Les échanges ont porté sur la problématique du collectif budgétaire 2008 rejeté par l’Assemblée nationale. A l’issue de la rencontre, les participants composés à la fois de sages, de notables, de rois, de représentants d’Ong et de syndicats, ont demandé à l’unanimité au Président de la République, la prise d’une ordonnance pour parer au plus pressé.
C’était une séance de vérité au Palais de Présidence de la République, hier, entre le Chef de l’Etat et les membres de la société civile. Elles sont nombreuses, têtes couronnées et autres composantes de la société civile à répondre présentes à l’appel du Président Boni Yayi au sujet de la problématique du collectif budgétaire rejeté par les honorables députés dits des G13, G4 et Force clé.
A l’entame de la rencontre, les invités ont d’abord eu droit à des exposés, tour à tour exécutés par le ministre d’Etat chargé du Développement et de la Prospection, Pascal Koupaki et celui de l’Economie et des Fiances Soulé Mana Lawani. Point par point, les deux ministres ont clairement affiché par des exemples à l’appui le souci majeur du Président Boni Yayi sur le bien fondé du collectif budgétaire qui s’établit à 141 milliards de francs Cfa.
Les nombreuses dépenses déjà effectuées et qui restent à être effectuées pour répondre aux besoins du peuple béninois tant au niveau des travailleurs que celui des investissements sont exposées. A ce titre, dira le ministre Pascal Irené Koupaki, « Les ressources complémentaires demandées ne sont pas des dépenses fantaisistes, elles sont des dépenses dont le pays a besoin ».
Touchées dans leur propre amour par les brillantes déclarations des ministres d’Etat et des Finances, les têtes couronnées ont exhorté le Chef de l’Etat à renouer le dialogue avec les députés. Mais la prise de parole du Président Boni Yayi dont le discours rappelle la vision de son gouvernement à hisser le Bénin d’ici peu dans le concert des nations émergentes, la nécessité pour les institutions de la République d’être les leviers de développement, la nécessité de son équipe de se conformer aux exigences de développement du Bénin… ont tôt fait d’emmener les participants à voir juste le nœud de toutes les discordes.

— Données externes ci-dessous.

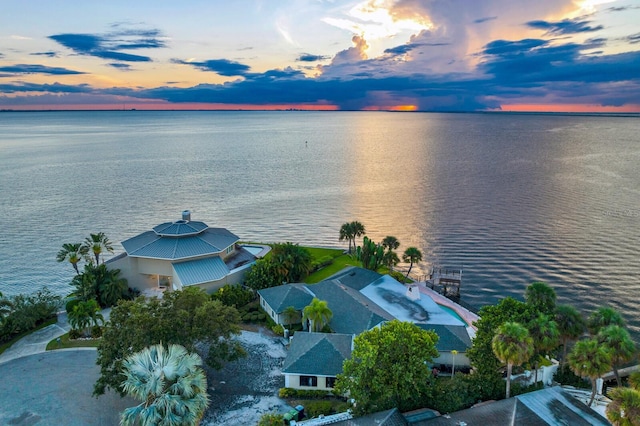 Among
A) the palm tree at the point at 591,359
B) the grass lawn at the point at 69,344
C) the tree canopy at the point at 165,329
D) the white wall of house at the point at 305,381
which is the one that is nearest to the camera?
the palm tree at the point at 591,359

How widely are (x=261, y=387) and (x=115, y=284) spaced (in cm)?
2296

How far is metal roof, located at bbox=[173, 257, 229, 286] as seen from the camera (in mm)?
45188

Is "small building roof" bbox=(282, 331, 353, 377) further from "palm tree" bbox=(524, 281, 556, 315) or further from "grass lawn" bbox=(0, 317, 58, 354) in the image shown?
"grass lawn" bbox=(0, 317, 58, 354)

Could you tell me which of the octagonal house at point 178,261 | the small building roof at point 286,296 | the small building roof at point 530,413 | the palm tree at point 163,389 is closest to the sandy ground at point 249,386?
the small building roof at point 286,296

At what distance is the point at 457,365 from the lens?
3462cm

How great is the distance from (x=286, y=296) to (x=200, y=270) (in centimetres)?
1087

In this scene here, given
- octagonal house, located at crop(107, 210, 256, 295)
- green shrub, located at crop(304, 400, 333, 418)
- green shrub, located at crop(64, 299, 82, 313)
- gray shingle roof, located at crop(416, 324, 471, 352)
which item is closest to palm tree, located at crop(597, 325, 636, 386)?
gray shingle roof, located at crop(416, 324, 471, 352)

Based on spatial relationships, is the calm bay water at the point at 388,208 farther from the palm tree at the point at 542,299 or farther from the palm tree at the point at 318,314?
the palm tree at the point at 318,314

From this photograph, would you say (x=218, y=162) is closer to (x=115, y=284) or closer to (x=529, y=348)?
(x=115, y=284)

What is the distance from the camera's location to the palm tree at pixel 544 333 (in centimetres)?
2759

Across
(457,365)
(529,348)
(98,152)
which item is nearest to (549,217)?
(457,365)

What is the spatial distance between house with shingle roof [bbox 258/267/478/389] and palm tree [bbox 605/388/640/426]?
11.2m

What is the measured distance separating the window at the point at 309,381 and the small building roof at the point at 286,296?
9982 mm

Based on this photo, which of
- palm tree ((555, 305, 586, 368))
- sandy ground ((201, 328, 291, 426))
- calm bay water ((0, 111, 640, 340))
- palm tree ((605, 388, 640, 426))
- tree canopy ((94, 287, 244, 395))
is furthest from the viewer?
calm bay water ((0, 111, 640, 340)) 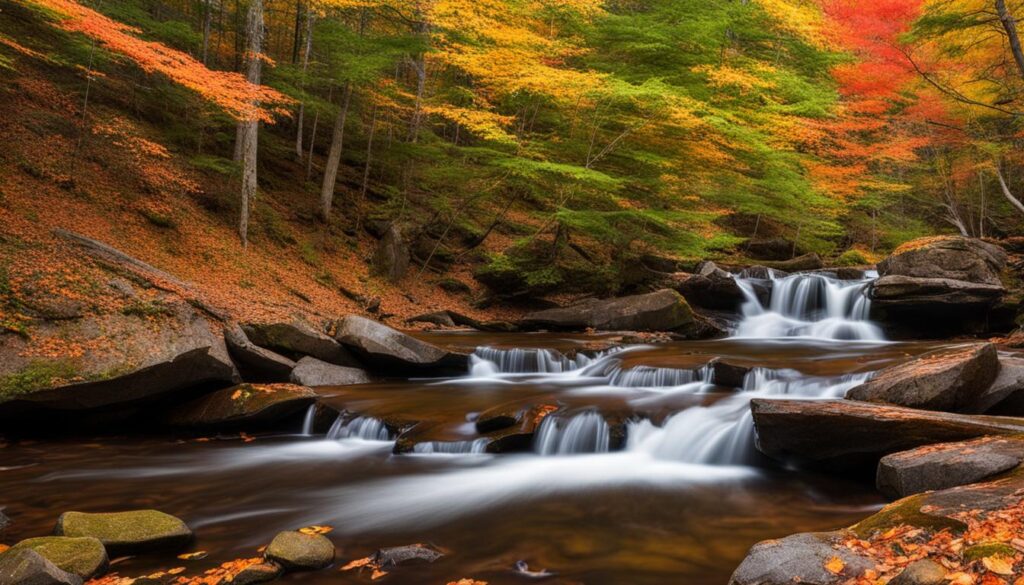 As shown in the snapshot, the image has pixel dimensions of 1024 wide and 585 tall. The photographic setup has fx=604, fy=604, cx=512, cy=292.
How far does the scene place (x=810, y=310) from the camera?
1683 centimetres

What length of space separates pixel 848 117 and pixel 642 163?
31.2 ft

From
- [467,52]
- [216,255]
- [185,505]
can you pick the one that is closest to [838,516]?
[185,505]

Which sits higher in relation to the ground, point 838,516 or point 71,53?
point 71,53

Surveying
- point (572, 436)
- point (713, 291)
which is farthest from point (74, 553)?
point (713, 291)

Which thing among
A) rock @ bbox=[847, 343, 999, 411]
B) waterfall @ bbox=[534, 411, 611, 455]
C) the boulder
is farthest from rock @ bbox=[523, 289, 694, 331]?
rock @ bbox=[847, 343, 999, 411]

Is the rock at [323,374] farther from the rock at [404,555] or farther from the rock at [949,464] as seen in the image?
the rock at [949,464]

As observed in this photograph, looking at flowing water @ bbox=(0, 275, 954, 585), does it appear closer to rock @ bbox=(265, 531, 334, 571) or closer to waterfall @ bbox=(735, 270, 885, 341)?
rock @ bbox=(265, 531, 334, 571)

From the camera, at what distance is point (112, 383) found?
23.9 ft

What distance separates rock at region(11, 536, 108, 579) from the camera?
3818 millimetres

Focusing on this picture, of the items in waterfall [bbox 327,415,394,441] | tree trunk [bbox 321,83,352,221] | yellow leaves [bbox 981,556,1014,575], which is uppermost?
tree trunk [bbox 321,83,352,221]

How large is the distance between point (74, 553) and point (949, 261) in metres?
17.7

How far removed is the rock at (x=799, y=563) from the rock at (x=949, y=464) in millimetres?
1578

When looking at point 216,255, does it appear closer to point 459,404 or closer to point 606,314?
point 459,404

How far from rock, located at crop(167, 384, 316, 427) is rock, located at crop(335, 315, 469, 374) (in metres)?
2.25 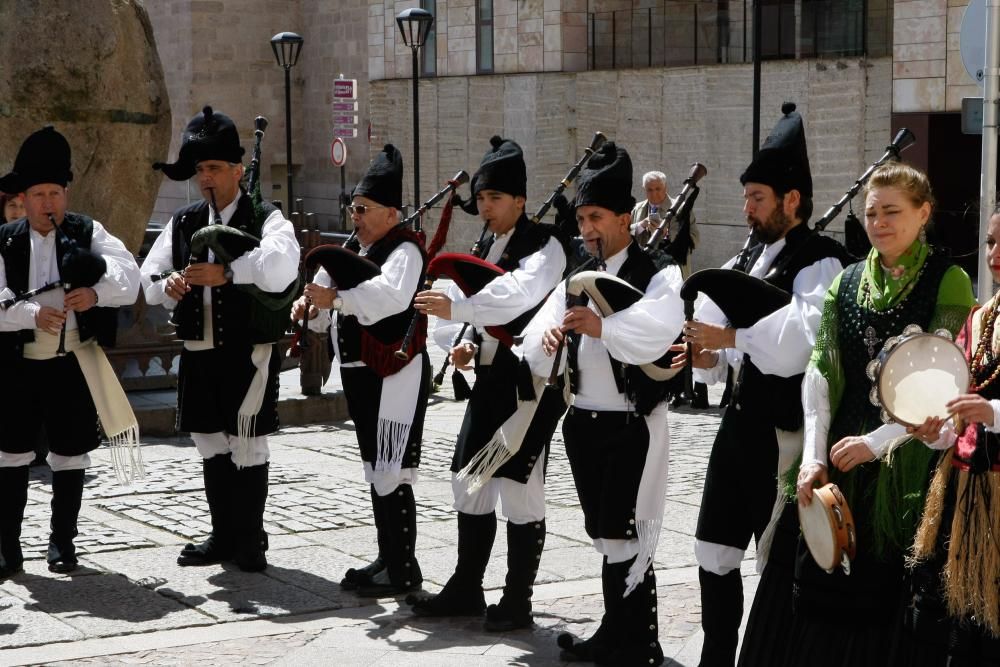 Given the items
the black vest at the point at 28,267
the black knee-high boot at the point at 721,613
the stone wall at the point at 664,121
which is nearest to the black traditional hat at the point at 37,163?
the black vest at the point at 28,267

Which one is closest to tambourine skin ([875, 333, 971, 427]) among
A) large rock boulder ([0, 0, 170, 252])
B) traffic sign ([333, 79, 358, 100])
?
large rock boulder ([0, 0, 170, 252])

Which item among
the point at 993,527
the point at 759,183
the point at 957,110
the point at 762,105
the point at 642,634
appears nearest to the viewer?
the point at 993,527

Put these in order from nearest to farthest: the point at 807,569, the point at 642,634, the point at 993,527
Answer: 1. the point at 993,527
2. the point at 807,569
3. the point at 642,634

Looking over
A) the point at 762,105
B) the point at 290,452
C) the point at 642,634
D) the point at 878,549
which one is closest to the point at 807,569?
the point at 878,549

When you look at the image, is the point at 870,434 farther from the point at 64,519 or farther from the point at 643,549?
the point at 64,519

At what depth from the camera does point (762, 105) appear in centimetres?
1966

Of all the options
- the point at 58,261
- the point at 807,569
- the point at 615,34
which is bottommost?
the point at 807,569

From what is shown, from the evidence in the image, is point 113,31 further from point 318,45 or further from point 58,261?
point 318,45

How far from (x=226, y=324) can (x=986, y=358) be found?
3778mm

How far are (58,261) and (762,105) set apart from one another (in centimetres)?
1416

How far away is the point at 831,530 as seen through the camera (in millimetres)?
4223

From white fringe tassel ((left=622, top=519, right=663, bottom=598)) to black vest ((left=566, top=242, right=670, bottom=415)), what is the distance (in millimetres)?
401

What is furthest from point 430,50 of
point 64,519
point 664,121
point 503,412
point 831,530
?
point 831,530

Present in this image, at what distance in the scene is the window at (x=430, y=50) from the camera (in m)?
25.0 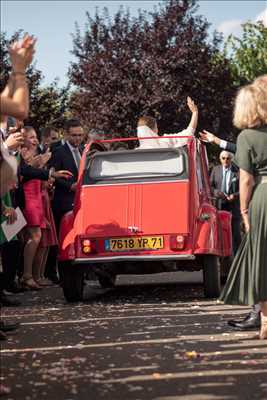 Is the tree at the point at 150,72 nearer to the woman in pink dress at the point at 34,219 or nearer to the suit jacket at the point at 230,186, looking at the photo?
the suit jacket at the point at 230,186

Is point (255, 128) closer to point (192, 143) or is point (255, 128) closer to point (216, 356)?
point (216, 356)

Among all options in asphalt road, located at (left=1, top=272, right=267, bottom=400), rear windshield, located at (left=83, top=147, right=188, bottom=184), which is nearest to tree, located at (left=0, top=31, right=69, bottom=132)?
rear windshield, located at (left=83, top=147, right=188, bottom=184)

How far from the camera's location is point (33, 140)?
1289cm

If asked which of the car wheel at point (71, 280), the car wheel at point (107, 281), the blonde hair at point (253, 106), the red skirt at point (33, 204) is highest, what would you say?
the blonde hair at point (253, 106)

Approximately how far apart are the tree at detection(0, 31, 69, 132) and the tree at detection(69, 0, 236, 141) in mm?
3839

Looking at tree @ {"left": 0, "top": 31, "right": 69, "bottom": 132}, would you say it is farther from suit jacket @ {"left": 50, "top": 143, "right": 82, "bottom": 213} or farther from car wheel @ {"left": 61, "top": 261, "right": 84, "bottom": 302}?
car wheel @ {"left": 61, "top": 261, "right": 84, "bottom": 302}

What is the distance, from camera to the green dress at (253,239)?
7.80m

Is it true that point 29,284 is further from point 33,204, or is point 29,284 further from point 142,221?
point 142,221

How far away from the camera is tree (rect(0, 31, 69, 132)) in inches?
1246

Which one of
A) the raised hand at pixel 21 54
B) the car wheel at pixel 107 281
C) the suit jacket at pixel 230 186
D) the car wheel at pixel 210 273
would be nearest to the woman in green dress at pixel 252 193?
the raised hand at pixel 21 54

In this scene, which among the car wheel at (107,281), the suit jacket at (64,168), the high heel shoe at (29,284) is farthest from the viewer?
the suit jacket at (64,168)

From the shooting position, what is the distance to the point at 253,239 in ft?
25.9

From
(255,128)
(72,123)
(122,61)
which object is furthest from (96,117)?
(255,128)

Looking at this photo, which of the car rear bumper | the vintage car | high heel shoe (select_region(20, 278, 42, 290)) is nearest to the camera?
the car rear bumper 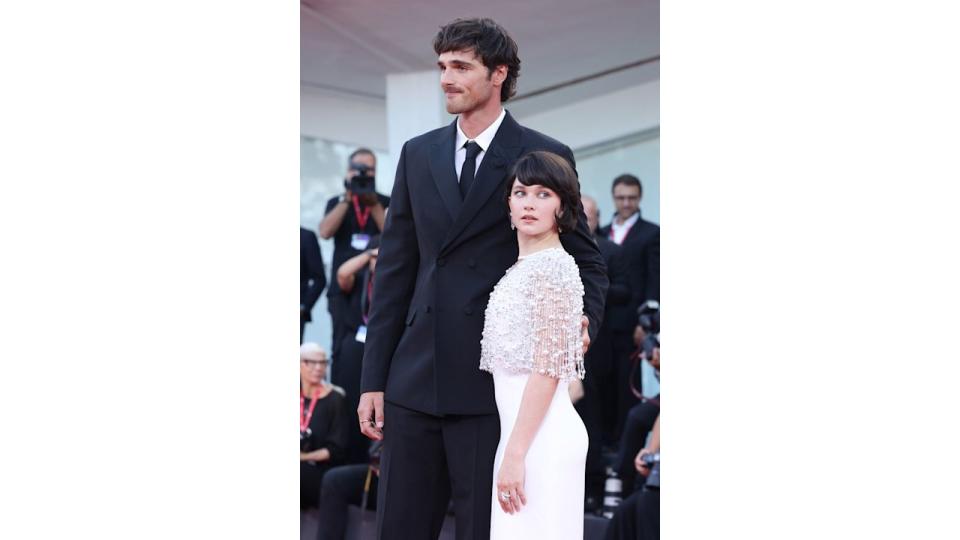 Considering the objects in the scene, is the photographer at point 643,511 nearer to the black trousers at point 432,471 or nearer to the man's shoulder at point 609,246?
the man's shoulder at point 609,246

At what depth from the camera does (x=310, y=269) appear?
7539mm

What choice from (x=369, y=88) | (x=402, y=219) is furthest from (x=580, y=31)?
(x=402, y=219)

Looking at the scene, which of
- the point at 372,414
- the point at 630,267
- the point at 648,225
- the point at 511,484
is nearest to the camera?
the point at 511,484

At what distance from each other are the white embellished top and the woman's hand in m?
0.23

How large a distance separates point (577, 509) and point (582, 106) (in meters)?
6.90

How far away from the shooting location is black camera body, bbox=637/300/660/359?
6.19m

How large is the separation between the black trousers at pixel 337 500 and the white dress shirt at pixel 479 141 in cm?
285

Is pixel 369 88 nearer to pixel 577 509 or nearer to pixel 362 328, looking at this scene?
pixel 362 328

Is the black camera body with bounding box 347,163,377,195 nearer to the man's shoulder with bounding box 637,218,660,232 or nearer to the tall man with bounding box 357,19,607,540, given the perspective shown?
the man's shoulder with bounding box 637,218,660,232

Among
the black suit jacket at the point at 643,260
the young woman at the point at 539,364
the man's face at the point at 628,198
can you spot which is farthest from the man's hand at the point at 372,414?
the man's face at the point at 628,198

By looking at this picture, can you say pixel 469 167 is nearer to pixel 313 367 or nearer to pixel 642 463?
pixel 642 463

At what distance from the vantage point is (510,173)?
11.2 ft

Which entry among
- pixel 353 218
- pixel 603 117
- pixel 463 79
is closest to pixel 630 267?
pixel 353 218

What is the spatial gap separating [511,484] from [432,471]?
281mm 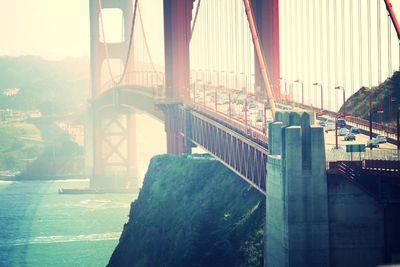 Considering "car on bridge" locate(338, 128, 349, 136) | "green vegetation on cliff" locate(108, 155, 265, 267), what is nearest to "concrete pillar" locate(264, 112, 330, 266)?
"green vegetation on cliff" locate(108, 155, 265, 267)

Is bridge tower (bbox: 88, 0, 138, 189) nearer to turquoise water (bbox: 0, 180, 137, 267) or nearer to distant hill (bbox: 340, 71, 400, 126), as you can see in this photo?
turquoise water (bbox: 0, 180, 137, 267)

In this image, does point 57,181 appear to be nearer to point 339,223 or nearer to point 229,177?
point 229,177

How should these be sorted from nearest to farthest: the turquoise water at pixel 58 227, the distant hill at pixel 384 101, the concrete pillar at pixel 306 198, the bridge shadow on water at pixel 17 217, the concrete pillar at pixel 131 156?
1. the concrete pillar at pixel 306 198
2. the distant hill at pixel 384 101
3. the turquoise water at pixel 58 227
4. the bridge shadow on water at pixel 17 217
5. the concrete pillar at pixel 131 156

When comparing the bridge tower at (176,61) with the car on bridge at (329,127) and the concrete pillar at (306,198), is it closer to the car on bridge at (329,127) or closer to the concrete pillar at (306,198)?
the car on bridge at (329,127)

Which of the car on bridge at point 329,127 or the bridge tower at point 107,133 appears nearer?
the car on bridge at point 329,127

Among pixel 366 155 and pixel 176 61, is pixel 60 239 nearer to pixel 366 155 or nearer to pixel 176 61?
pixel 176 61

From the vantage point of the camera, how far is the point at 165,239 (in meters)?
57.3

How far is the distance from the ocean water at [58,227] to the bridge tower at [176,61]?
1066 cm

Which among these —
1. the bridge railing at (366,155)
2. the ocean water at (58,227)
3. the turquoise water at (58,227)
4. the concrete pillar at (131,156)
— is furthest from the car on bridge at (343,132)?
the concrete pillar at (131,156)

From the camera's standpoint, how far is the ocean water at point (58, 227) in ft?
263

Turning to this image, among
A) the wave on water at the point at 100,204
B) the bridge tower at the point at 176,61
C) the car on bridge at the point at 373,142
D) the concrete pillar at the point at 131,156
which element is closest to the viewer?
the car on bridge at the point at 373,142

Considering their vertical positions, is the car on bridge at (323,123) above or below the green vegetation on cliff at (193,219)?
above

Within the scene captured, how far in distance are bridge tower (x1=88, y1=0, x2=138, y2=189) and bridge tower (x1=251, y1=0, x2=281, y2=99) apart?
198 feet

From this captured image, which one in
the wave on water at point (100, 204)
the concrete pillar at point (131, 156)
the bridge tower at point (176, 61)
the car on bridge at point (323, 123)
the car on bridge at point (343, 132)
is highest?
the bridge tower at point (176, 61) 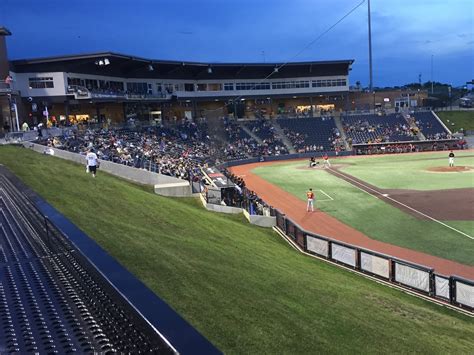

Ainsi donc, tous ont unanimement encouragé le Président Boni Yayi à prendre ses responsabilités constitutionnelles, compte tenu de l’impossibilité d’une seconde lecture du budget collectif rejeté avant la fin de l’année pour ne pas tomber dans l’illégalité constitutionnelle.
Message que le Chef de l’Etat dit avoir reçu 5/5. L’ordonnance étant alors la seule possibilité restante, le premier magistrat de la République a décidé de prendre ses responsabilités malgré sa bonne foi à poursuivre les négociations avec les forces politiques.
La décision est donc claire et le Chef de l’Etat ne compte plus se faire l’otage des honorables députés dont il a compris les manœuvres. Ainsi, à la suite de cette rencontre, on devra comprendre que dans les tout prochains jours, le Président Boni va recourir à une ordonnance pour légaliser les dépenses les dépenses et autres actes financiers qui entrent dans le cadre du collectif budgétaire.